Have you ever sought out counsel that would tell you what you want to hear, rather than truth, so that you could proceed with your own agenda? The writer of the lesson says that herein is an important lesson we can learn from George Washington.
As the first president of the United States, Washington had no precedent to follow when choosing the men who would shape his thinking and the new government. Wisely, Washington chose an eclectic group of people to fill cabinet positions and be his closest advisers. They were from different parts of the country, and they had different views on how the government should operate. Instead of choosing advisers exclusively from his state of Virginia, Washington chose to surround himself with people who had the same ultimate goals in mind. The varied opinions about how to achieve common goals helped President Washington make choices that were more informed and wiser.
Unfortunately, Ahab did not make similar decisions.

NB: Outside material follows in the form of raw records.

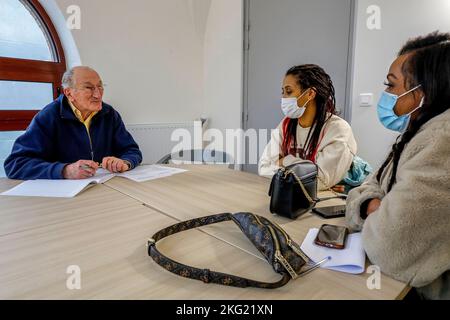 Volunteer hilft einer Migrantin bei ihrer Jobsuche bei La Maison Bakhita, Paris, Frankreich Stockfoto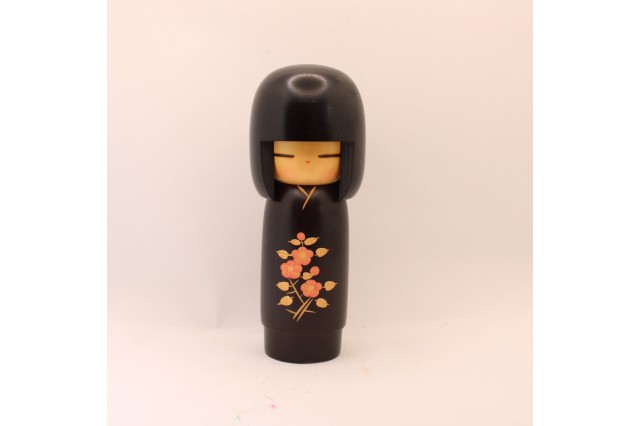 a small wooden Japanese doll 
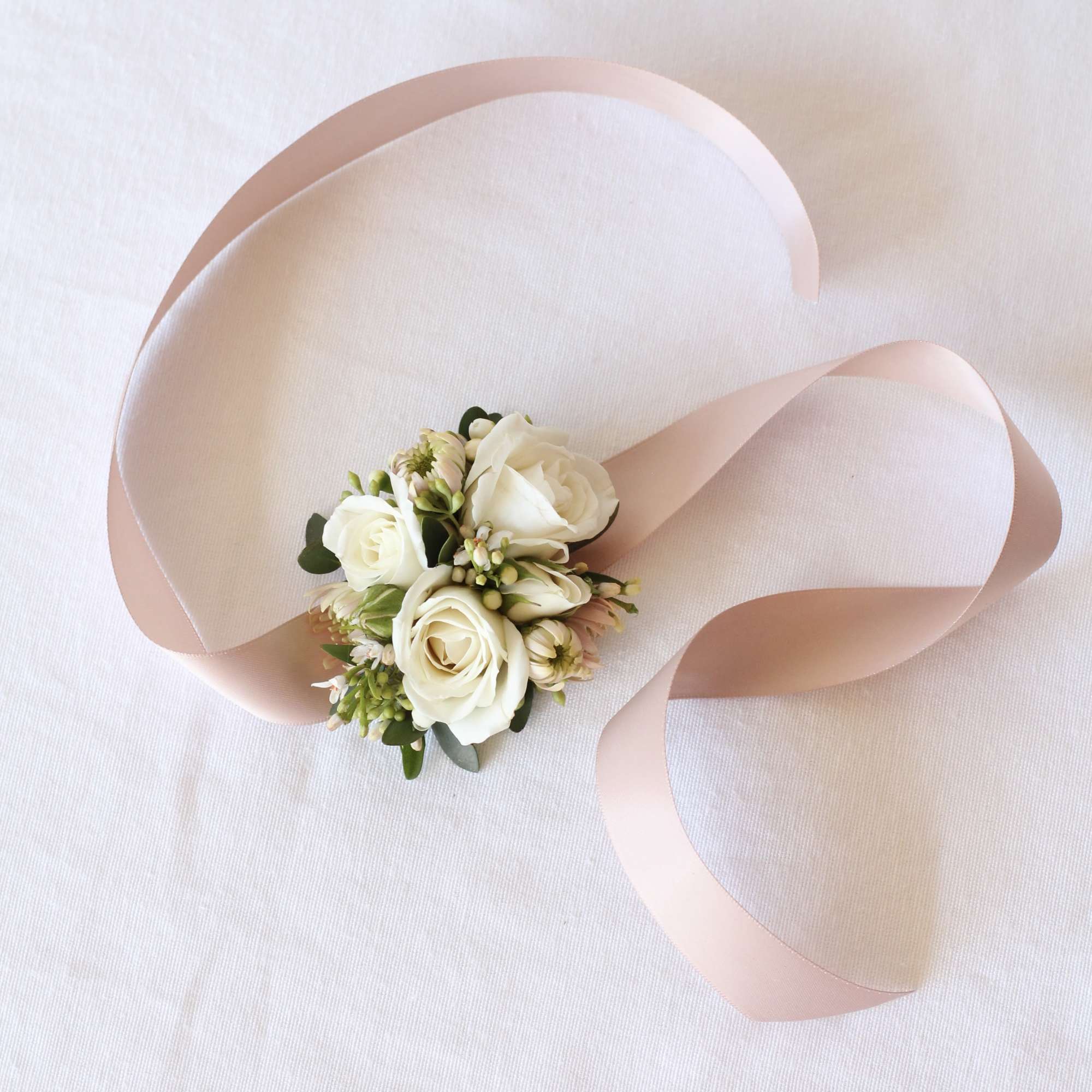 Small white rose corsage with pale pink ribbon on white fabric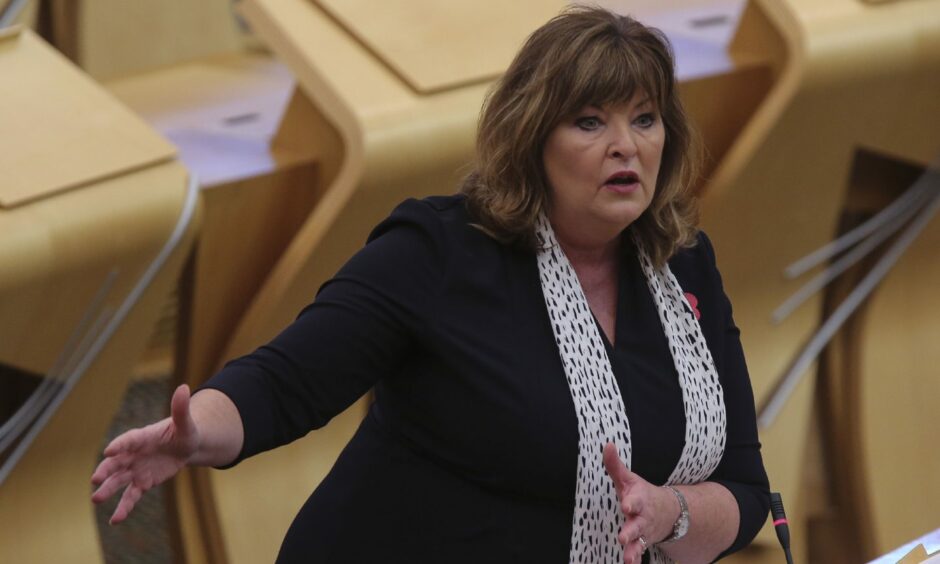 Fiona Hyslop standing up in the Scottish Parliament.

He surrounded himself with false prophets who told him whatever he wanted to hear. However, today’s lesson focuses on the one prophet who refused to compromise the truth.
Walter Brueggemann says that at least on the surface, 1 and 2 Kings are historical narratives. That is, the text reports on the events and personalities that comprise the history of Israel (north and south) from 962, at the death of David, to 587 and the end of Jerusalem, together with a brief addition likely dated to 561.

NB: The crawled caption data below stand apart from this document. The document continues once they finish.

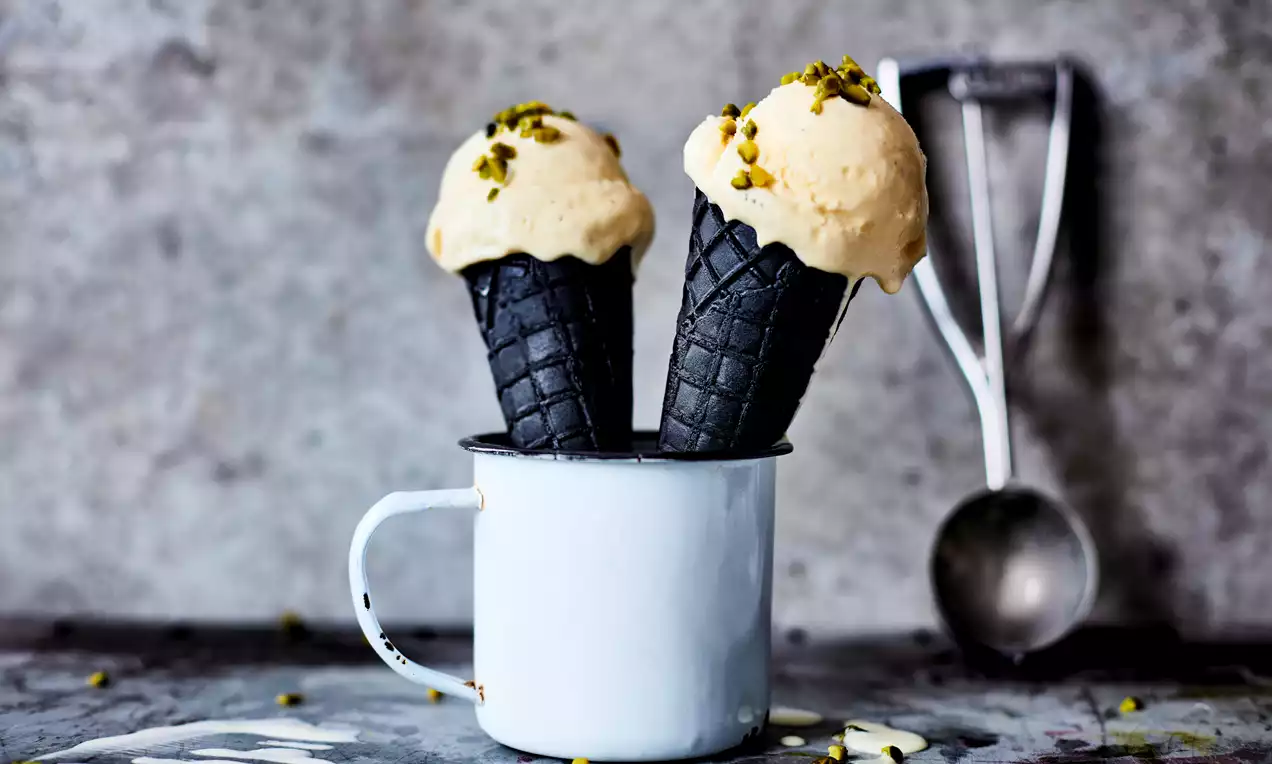 Zelfgemaakt vanille-ijs met romig beige bolletjes op zwarte hoorntjes in een lichtblauw metalen mok, gegarneerd met groene pistachenootjes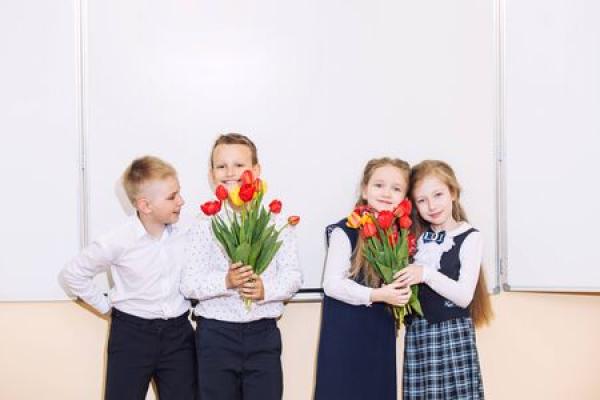 School children hold flowers and stand together in a classroom.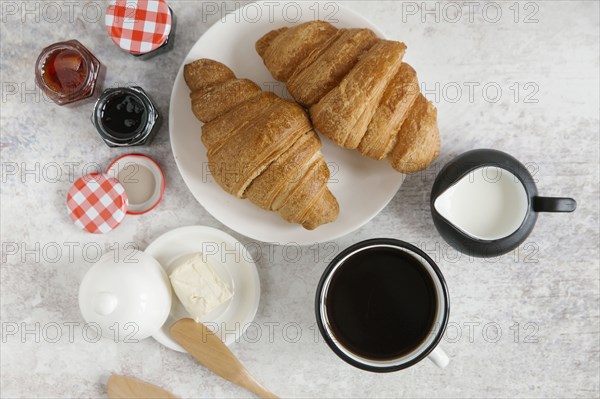 Croissants on plate with coffee and jam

But we do well to remember that no book of the Bible seeks merely to give us a history lesson. Every book in the Bible intends to tell us something about God.

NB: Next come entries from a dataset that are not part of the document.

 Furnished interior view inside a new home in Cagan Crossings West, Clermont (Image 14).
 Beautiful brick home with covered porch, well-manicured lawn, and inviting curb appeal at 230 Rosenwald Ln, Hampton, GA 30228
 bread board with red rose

The Old Testament narratives, 1 and 2 Kings included, were passed down with the intention of revealing truth about the relationship between God and his people. These books were read by the Babylonian exiles, who had many deep and painful questions regarding the benefits of being chosen by God. Jerusalem’s destruction and the exile of its people raised questions about God’s sovereignty and love. The point is that these books and others are more than history, though that is also reality.
First Kings 22 opens by describing a conversation between two kings: Ahab of northern Israel (reigned 874-853 BC) and Jehoshaphat of southern Judah (reigned 873-849 BC). Before launching a joint military initiative, Ahab decided to consult his prophets to learn whether God would give him victory (1 Kings 22:10). Consulting God (or false gods) before battle was customary (example: Judges 20:18, 1 Samuel 23:2).
Ahab followed this practice, but he sought divine guidance from about 400 false prophets. These men were charged with discerning God’s will while having no access to God! Their counsel was united that God would grant victory in the expected battle (1 Kings 22:1-6). A favorable report, delivered from a unified front, would certainly seem convincing.
But King Jehoshaphat was unimpressed by the verdict of the false prophets. Jehoshaphat’s reign was characterized by religious reform and the suppression of idolatry (2 Chronicles 17:3-6). But he found himself in a compromised position because he had entered into a political alliance with the spiritually lapsed northern kingdom. Consequently, in an attempt to do right, Jehoshaphat asked Ahab if he didn’t have a prophet of the true God who could be consulted. Ahab admitted that Micaiah was such a prophet.
A Sarcastic Prophecy
1 Kings 22:15-16
Ahab despised Micaiah because of the series of negative reports the prophet had made against the king. The unnamed prophet in 1 Kings 20:35-43 was suggested by both the Talmad (the Book of Jewish Law) and the first-century Jewish historian Josephus to have been Micaiah. Little else is known about this prophet.
Specifically, the issue in the story is the territory of Ramoth-Gilead, rich land between Israel and Syria and a cause of endless conflict. It was located (the city) on a large plain, making chariot warfare possible (see 1 Kings 22:31-38).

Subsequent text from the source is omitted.